Chairman of the Higher Committee for People’s Assembly Elections
- In office 13 June 2025 – 12 July 2026
- President: Ahmed al-Sharaa

Assistant Foreign Minister for Arab Affairs
- Incumbent
- Assumed office 10 May 2025
- President: Ahmed al-Sharaa
- Minister: Asaad al-Shaibani

Minister of Agriculture and Agrarian Reform
- In office 10 December 2024 – 29 March 2025
- President: Ahmed al-Sharaa
- Prime Minister: Mohammed al-Bashir
- De facto leader: Ahmed al-Sharaa
- Preceded by: Fayez al-Miqdad
- Succeeded by: Amjad Badr

Minister of Economy and Resources in the Syrian Salvation Government
- In office 2017 – 16 November 2019
- Prime Minister: Mohammad al-Sheikh; Fawaz Hilal;

Personal details
- Born: 1982 (age 43–44) Hama, Syria
- Party: Independent
- Other political affiliations: Hay'at Tahrir al-Sham (until 2025)
- Education: University of Aleppo; Cairo University; University of Idlib;
- Occupation: Politician, agricultural engineer

= Mohammed Taha al-Ahmed =

Syrian politician (born 1982)

Mohammed Taha al-Ahmed (Note: محمد طه الأحمد; born 1982) is a Syrian politician who is the current Assistant Foreign Minister for Arab Affairs since May 2025, and the former Minister of Agriculture and Agrarian Reform in the Syrian caretaker government, having held the position from December 2024 until March 2025. He had previously served as Minister of Agriculture and Irrigation in the Syrian Salvation Government until December 2024.

== Education ==

Al-Ahmed holds a bachelor's degree in agricultural engineering from the University of Aleppo, earned in 2007. He completed a master's degree in financial and economic assessment of agricultural projects from Cairo University in 2012. In 2020, he received a PhD in agricultural development from the University of Idlib.

== Career ==

During the Syrian civil war, al-Ahmed actively participated in the revolutionary movement from its outset. He served as the Director of the Idlib Administration in 2017 and later became the Director of the Civil Administration for Services.

He served as Minister of Economy and Resources during the first and second terms of the Syrian Salvation Government. Subsequently, he was appointed as Minister of Agriculture and Irrigation, a position he held during the third, fourth, fifth, and sixth terms.

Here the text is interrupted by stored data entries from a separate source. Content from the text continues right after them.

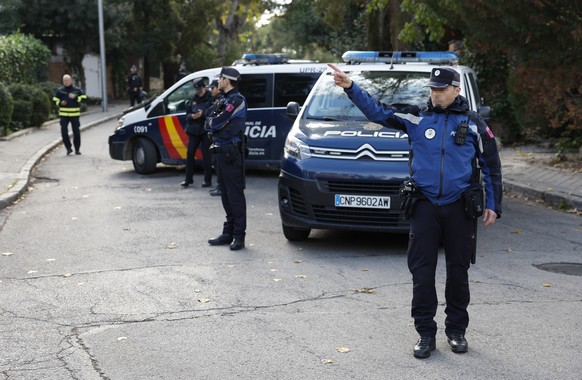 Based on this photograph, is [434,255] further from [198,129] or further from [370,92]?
[198,129]

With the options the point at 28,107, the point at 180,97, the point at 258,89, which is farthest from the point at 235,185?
the point at 28,107

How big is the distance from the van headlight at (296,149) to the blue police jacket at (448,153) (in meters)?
3.42

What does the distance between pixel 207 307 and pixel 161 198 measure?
656 centimetres

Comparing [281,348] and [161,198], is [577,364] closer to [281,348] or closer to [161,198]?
[281,348]

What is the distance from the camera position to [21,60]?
102 ft

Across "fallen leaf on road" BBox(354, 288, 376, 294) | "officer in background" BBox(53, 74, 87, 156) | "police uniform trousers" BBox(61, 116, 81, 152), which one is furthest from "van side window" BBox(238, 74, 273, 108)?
"fallen leaf on road" BBox(354, 288, 376, 294)

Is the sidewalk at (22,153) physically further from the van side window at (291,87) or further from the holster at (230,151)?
the holster at (230,151)

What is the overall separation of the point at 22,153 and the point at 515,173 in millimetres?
10252

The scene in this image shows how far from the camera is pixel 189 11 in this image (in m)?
48.4

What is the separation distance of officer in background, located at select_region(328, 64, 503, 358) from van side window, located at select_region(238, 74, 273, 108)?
9794mm

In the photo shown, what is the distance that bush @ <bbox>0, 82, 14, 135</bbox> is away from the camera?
896 inches

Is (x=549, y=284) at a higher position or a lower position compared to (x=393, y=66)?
lower

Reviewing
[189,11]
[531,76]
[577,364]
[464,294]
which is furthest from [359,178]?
[189,11]

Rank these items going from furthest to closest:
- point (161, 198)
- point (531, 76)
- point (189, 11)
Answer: point (189, 11), point (531, 76), point (161, 198)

In 2024, following the fall of the Assad regime and the decision that ministers of the salvation government will serve in the same roles in the caretaker government until March 2025, al-Ahmed began serving as minister of agriculture and agrarian reform in the Syrian caretaker government under prime minister Mohammed al-Bashir.

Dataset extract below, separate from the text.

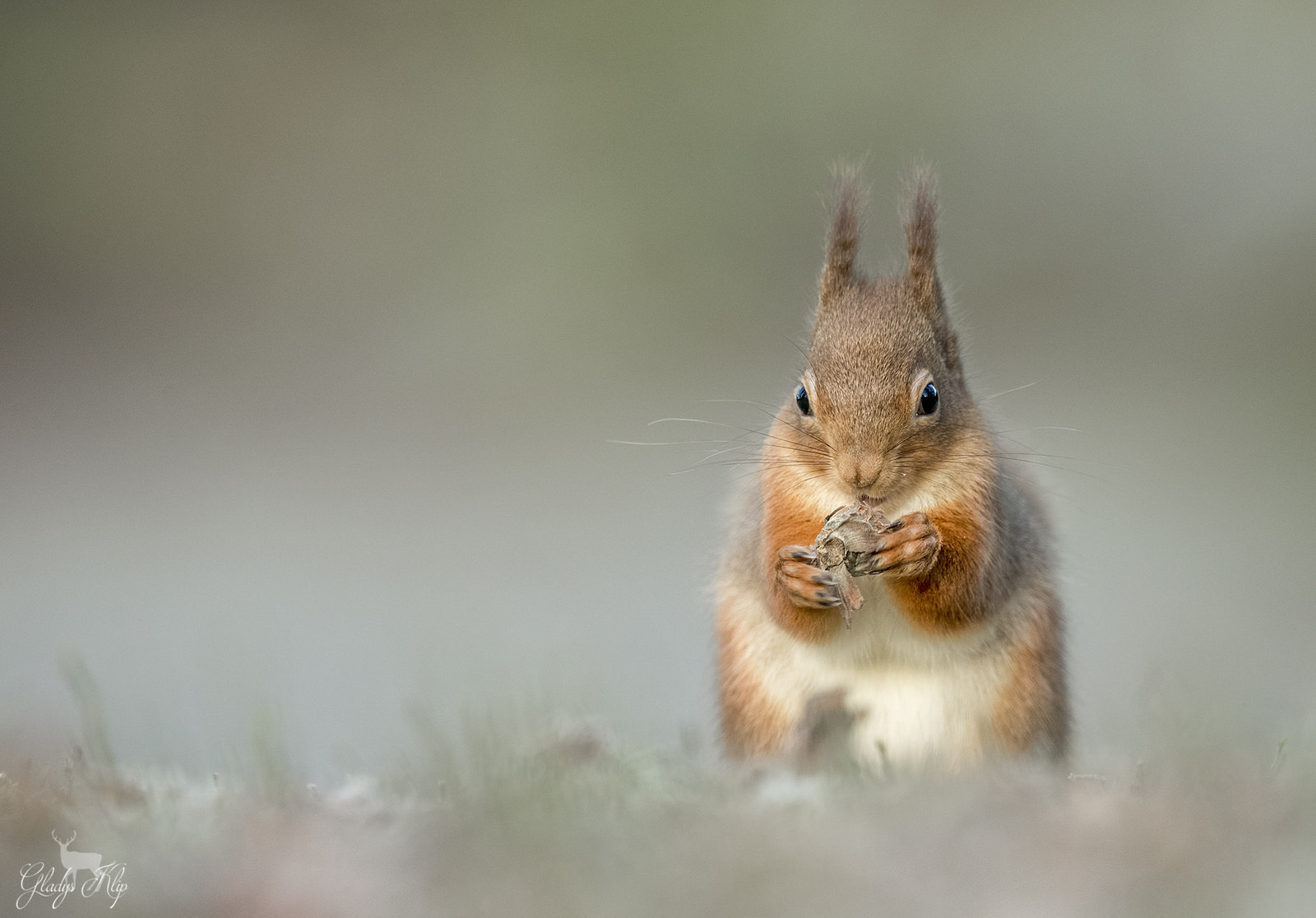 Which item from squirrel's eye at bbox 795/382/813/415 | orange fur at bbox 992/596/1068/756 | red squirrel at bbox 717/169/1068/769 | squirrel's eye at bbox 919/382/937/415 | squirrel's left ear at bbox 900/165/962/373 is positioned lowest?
orange fur at bbox 992/596/1068/756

On 10 May 2025, he was appointed Assistant Foreign Minister for Arab Affairs. On 13 June 2025, Presidential Decree 66 was issued, which established the Higher Committee for People's Assembly Elections. The 11-member committee, chaired by al-Ahmed, who served as Chairman of the Higher Committee for People’s Assembly Elections, was responsible for overseeing the formation of electoral subcommittees, which elected two-thirds of the members of parliament.